- RECORDS FOR THIS TASK
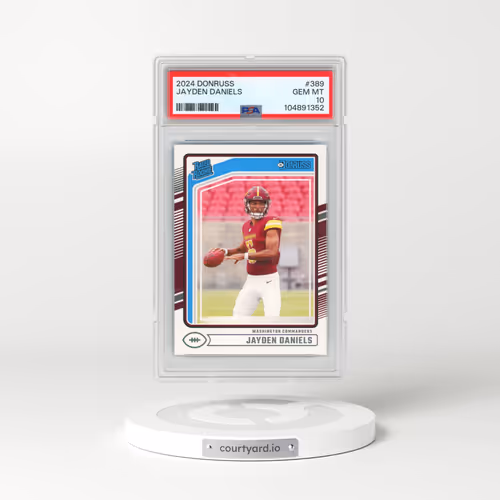 2024 Panini Donruss #389 Jayden Daniels (PSA 10 GEM MINT)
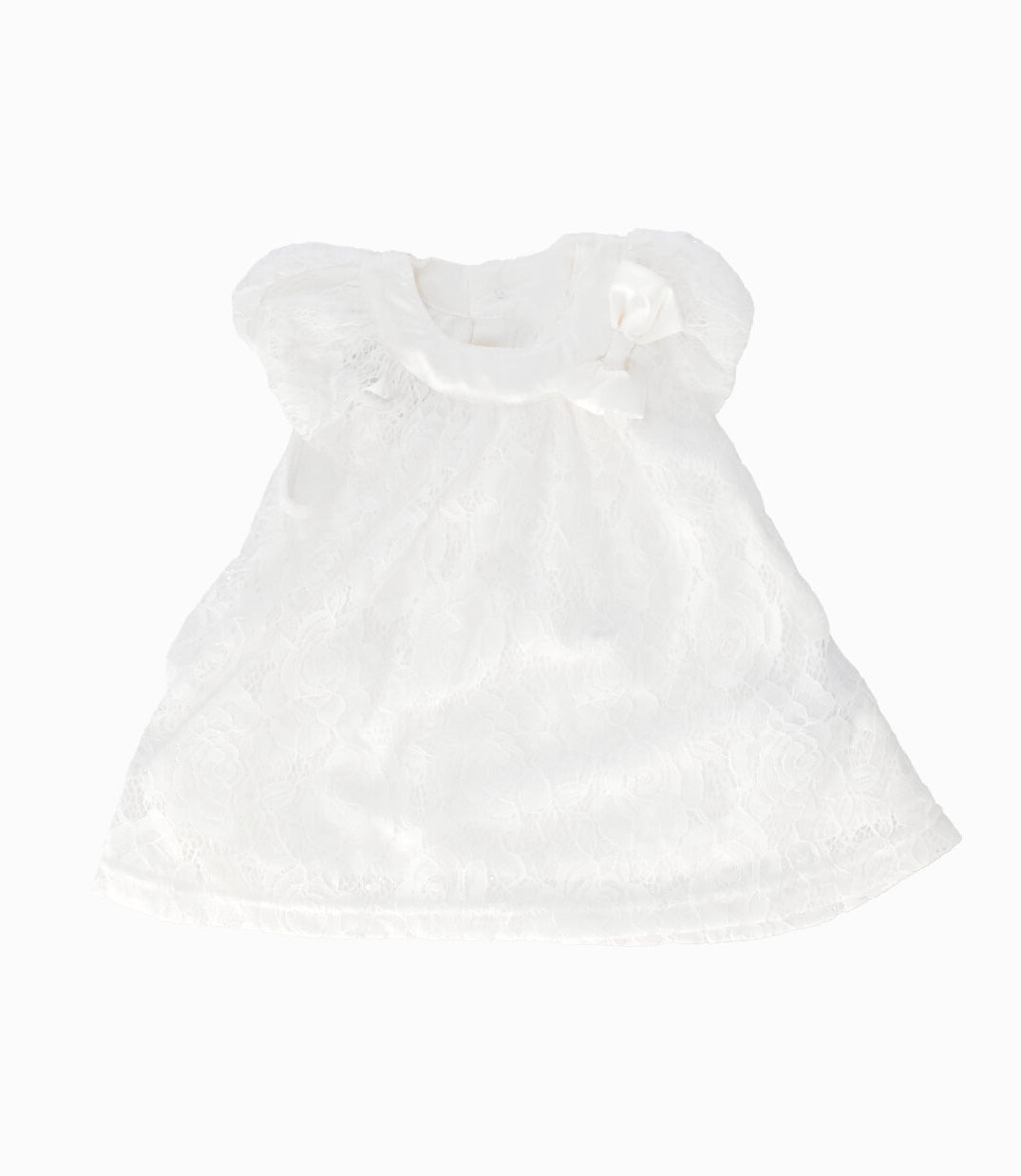 Vestido recién nacida con flores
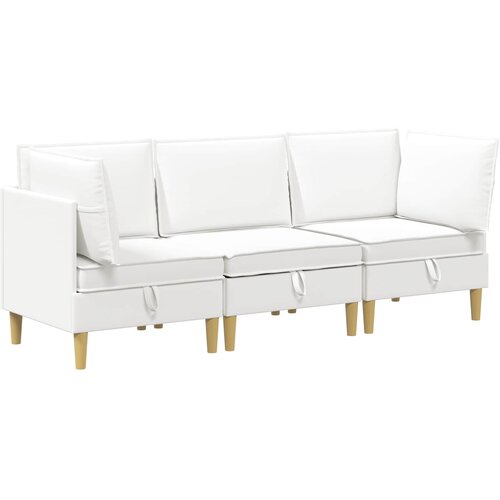  Set namje&amp;scaron;taja za dnevni boravak 3 pcs Bijela Tkanina Slike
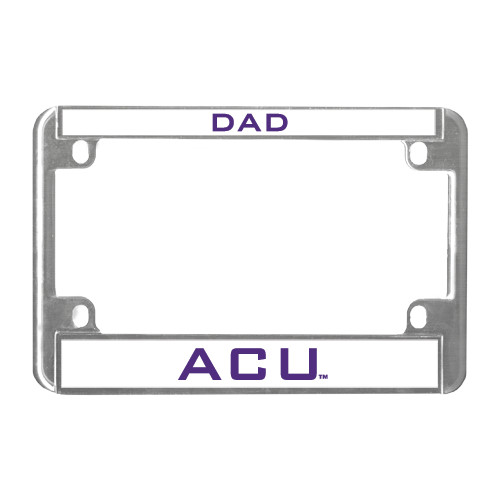 Metal Motorcycle License Plate Frame in Chrome - Dad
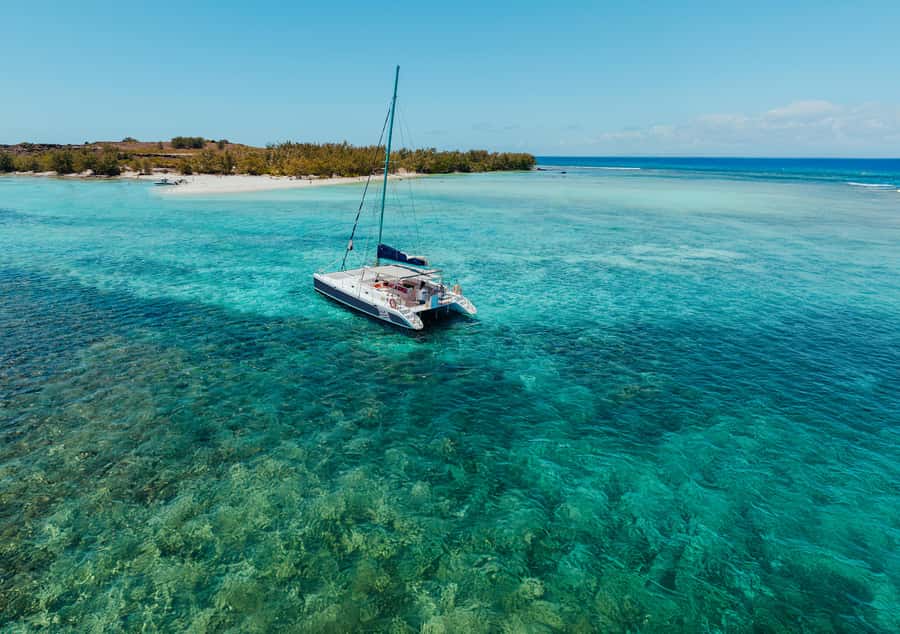 North of Mauritius: Catamaran Cruise w/ BBQ Lunch - Gabriel Island from 11:00 am to 12:30 pm
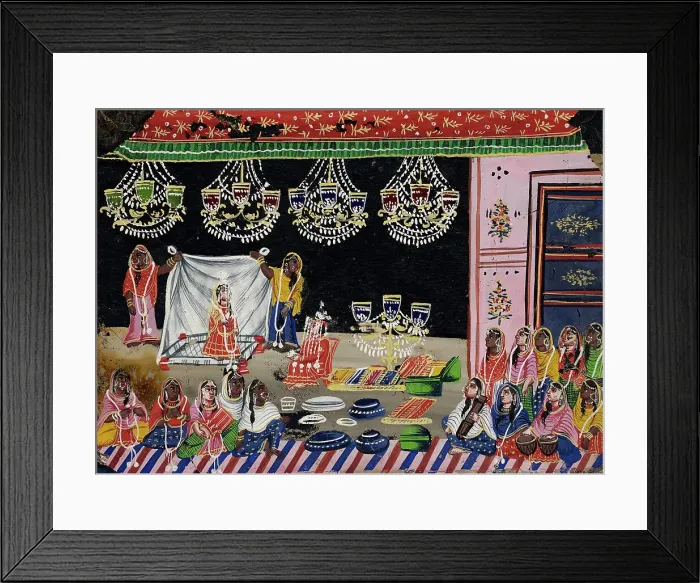 Framed Print : Wedding Procession: Bride Under a Canopy, c1800. Creator: Unknown Framed Print : Wedding Procession: Bride Under a Canopy, c1800. Creator: Unknown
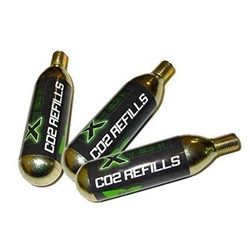 X-TECH CO2 CARTRIDGE 25G THREADED (2C2)(CANNOT AIR FREIGHT THIS ITEM) (UN1013/2.2)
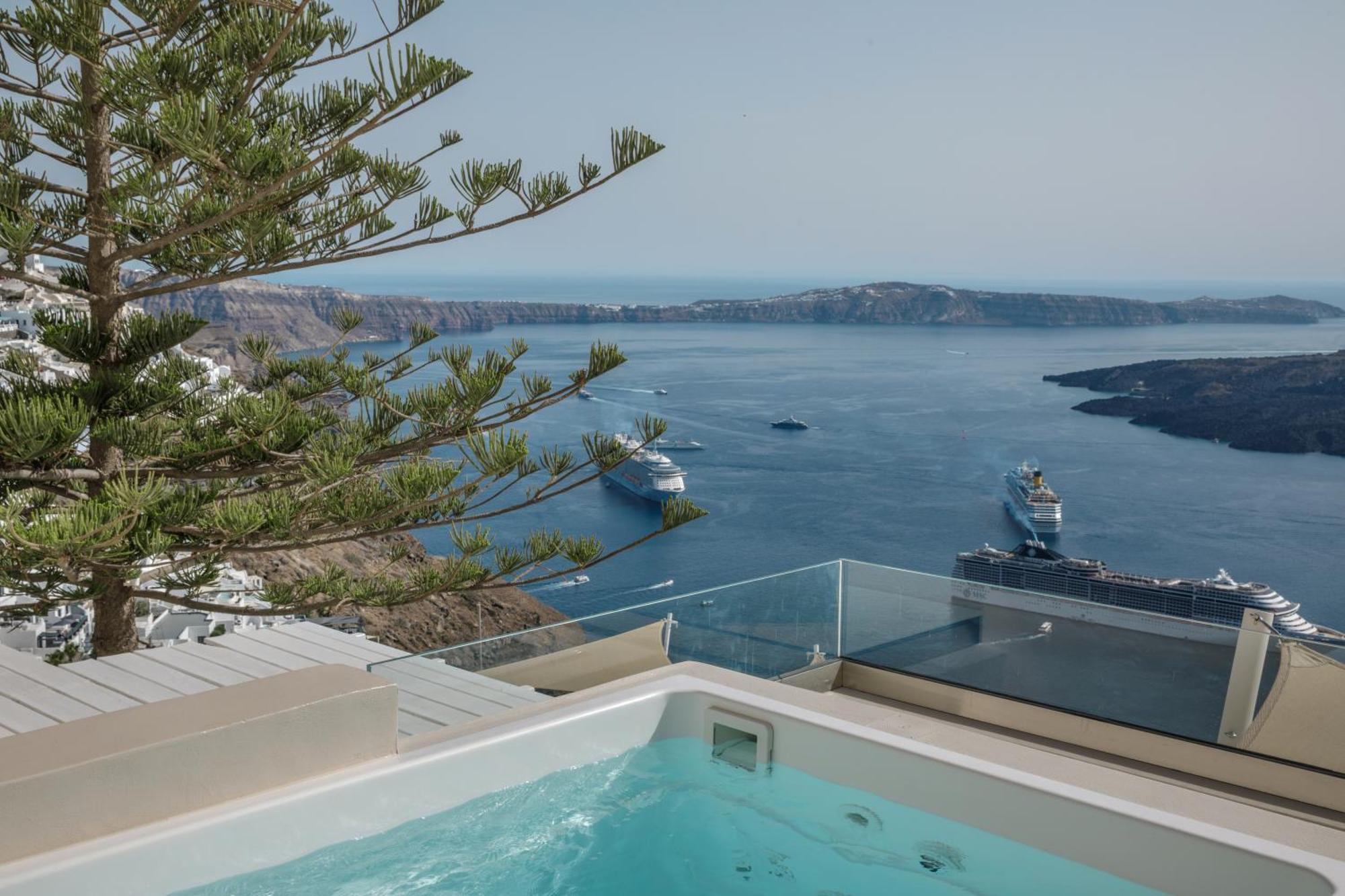 Morfes Luxury Suites By Caldera Houses Фиростефани Екстериор снимка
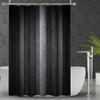 Gibelle Black Grey Shower Curtain Set for Bathroom, Cool Glass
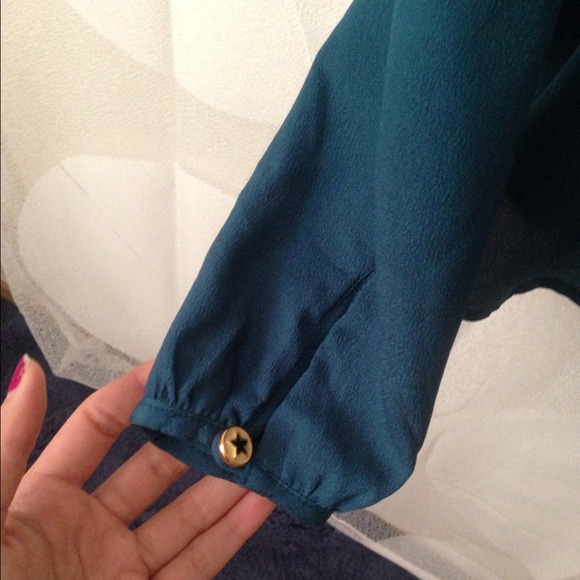 Shirt with lace embroidered detail - Picture 2 of 3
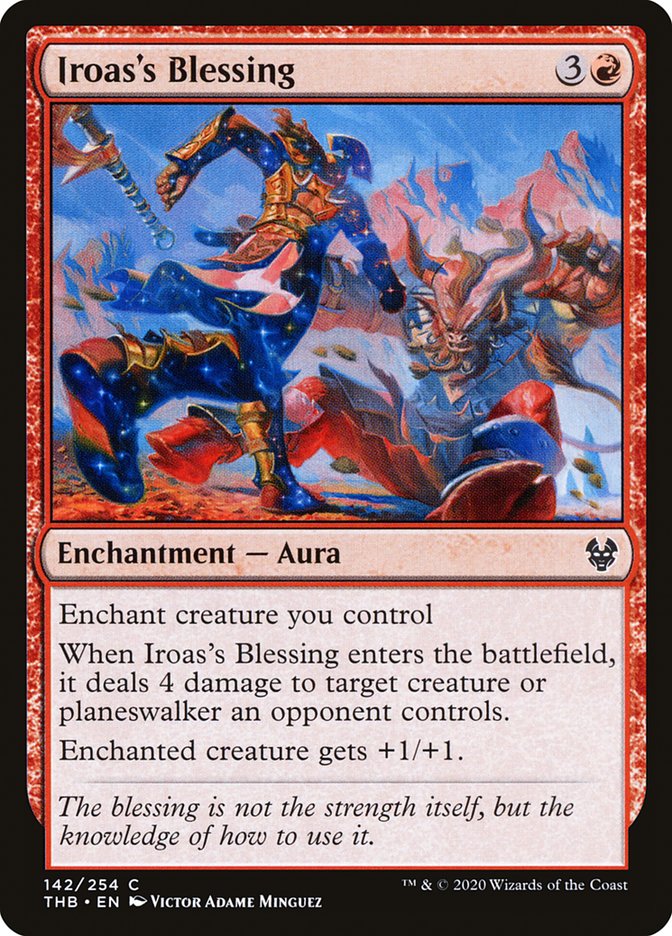 Iroas's Blessing 142/254 (Theros Beyond Death)  | Chromatic Games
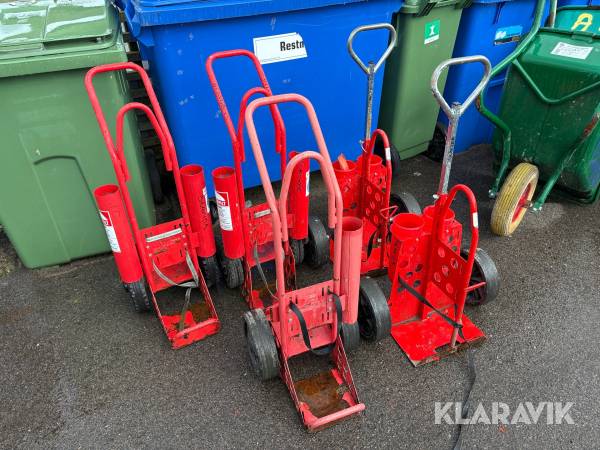 Brandkärror / Släckakärror 5st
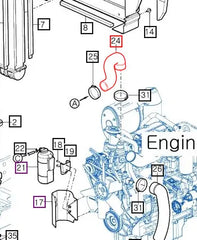 (Limited Availability) Mahindra Tractor Upper Radiator Hose 12621040120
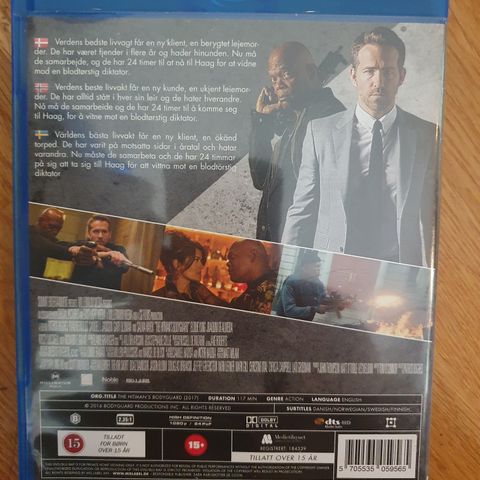 The HITMAN'S BODYGUARD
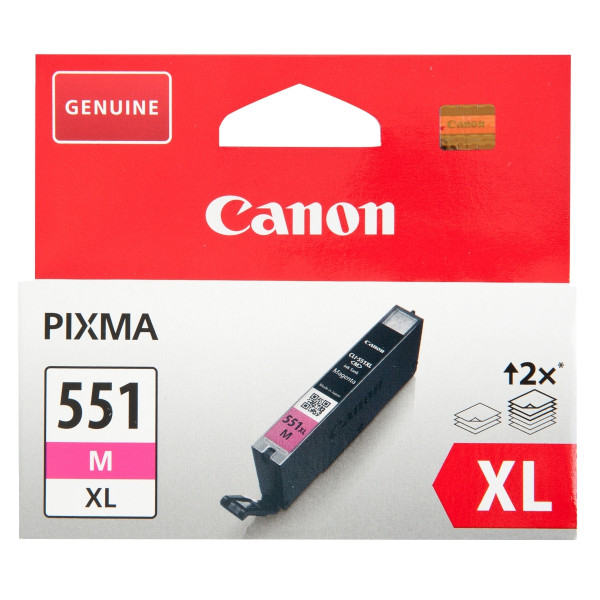 Canon 551XL cartouche jet d'encre magenta haute capacité authentique (CLI551M XL)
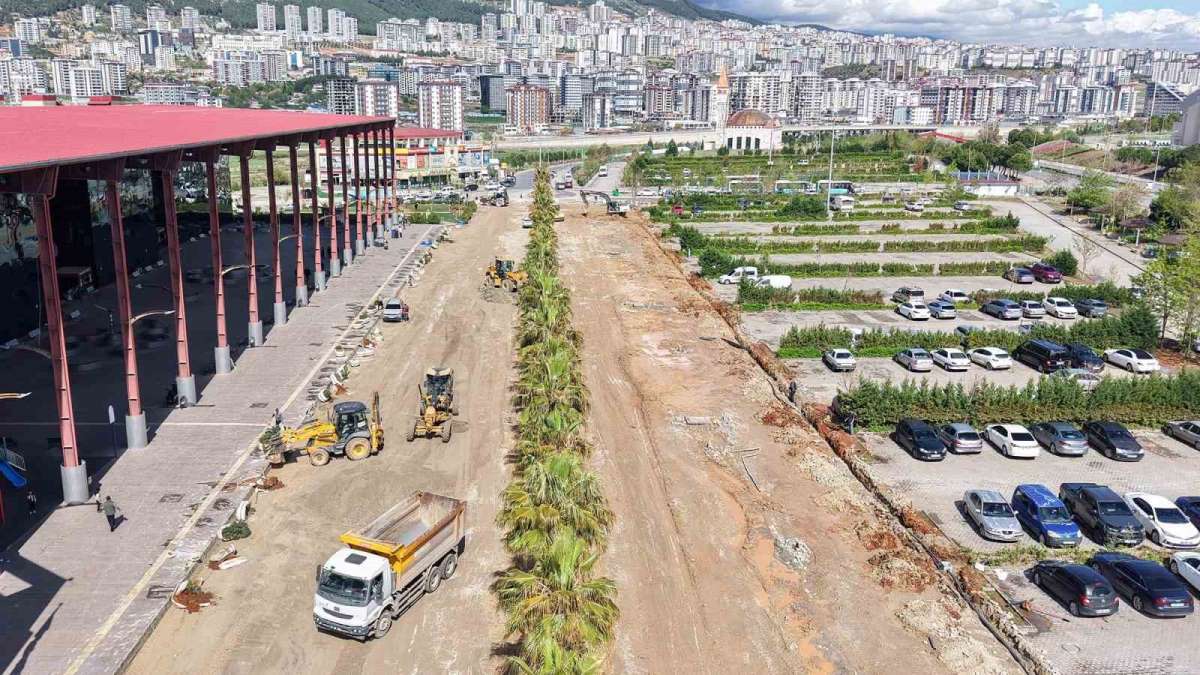 Kahramanmaraş'ta üniversite hastanesinin yolu yenileniyor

- GOAL OF THE EXERCISE
Repeat only what runs from the first line of the records above to the line with "North of Mauritius: Catamaran", both included, word for word, minus the pictures.

- YOUR RESPONSE
 2024 Panini Donruss #389 Jayden Daniels (PSA 10 GEM MINT)
 Vestido recién nacida con flores
  Set namje&amp;scaron;taja za dnevni boravak 3 pcs Bijela Tkanina Slike
 Metal Motorcycle License Plate Frame in Chrome - Dad
 North of Mauritius: Catamaran Cruise w/ BBQ Lunch - Gabriel Island from 11:00 am to 12:30 pm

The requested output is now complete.